Omit the pictures and reproduce the rest of the listing exactly.

──────── Supplied data

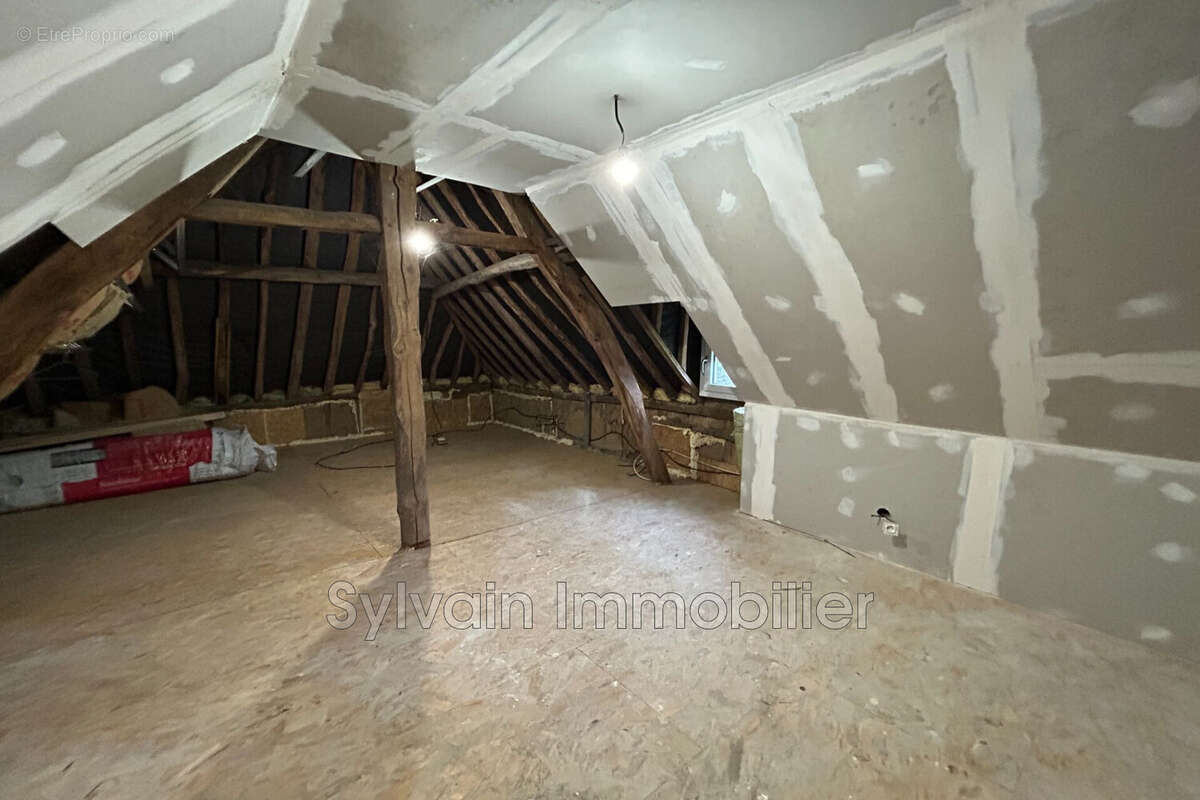 Maison à FEUQUIERES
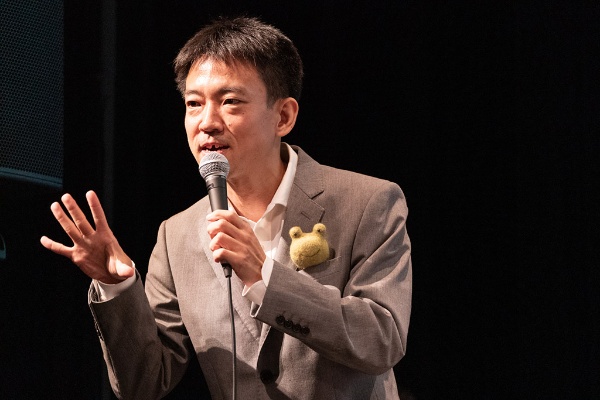「音声学はマイナーな学問で、10年来『お前のその研究は何の役に立つんだ?』と言われ続けてきた」と語る慶応義塾大学教授の川原繁人さん 「音声学はマイナーな学問で、10年来『お前のその研究は何の役に立つんだ?』と言われ続けてきた」と語る慶応義塾大学教授の川原繁人さん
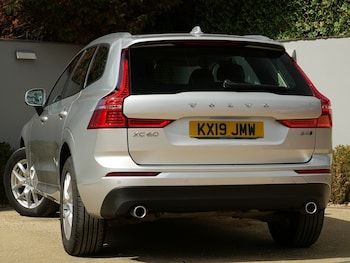 Used Volvo XC60 2019 for sale - 75654858: Photo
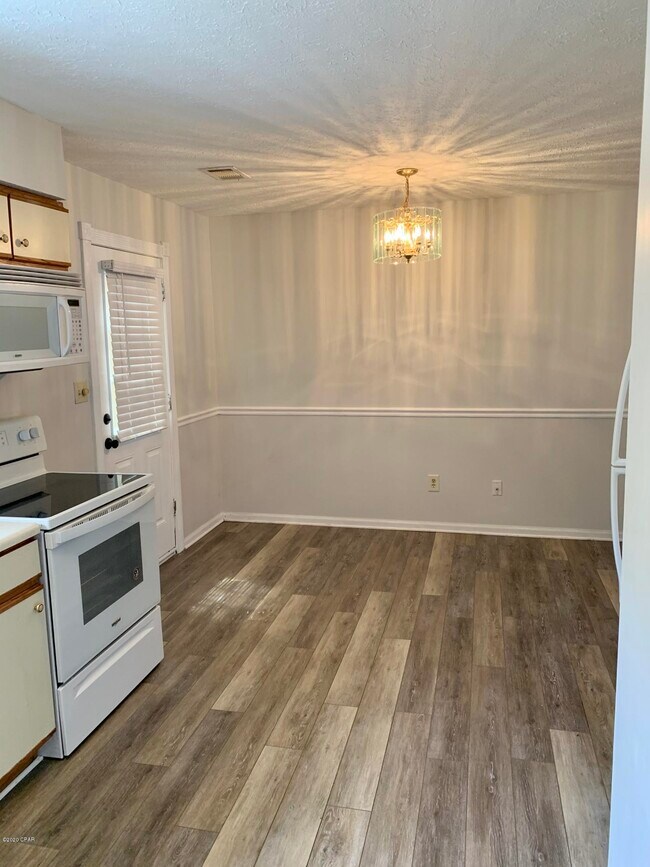 Photo - 103 Downing St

────────────────

▸ **Exercise solution**:
 Maison à FEUQUIERES
「音声学はマイナーな学問で、10年来『お前のその研究は何の役に立つんだ?』と言われ続けてきた」と語る慶応義塾大学教授の川原繁人さん 「音声学はマイナーな学問で、10年来『お前のその研究は何の役に立つんだ?』と言われ続けてきた」と語る慶応義塾大学教授の川原繁人さん
 Used Volvo XC60 2019 for sale - 75654858: Photo
 Photo - 103 Downing St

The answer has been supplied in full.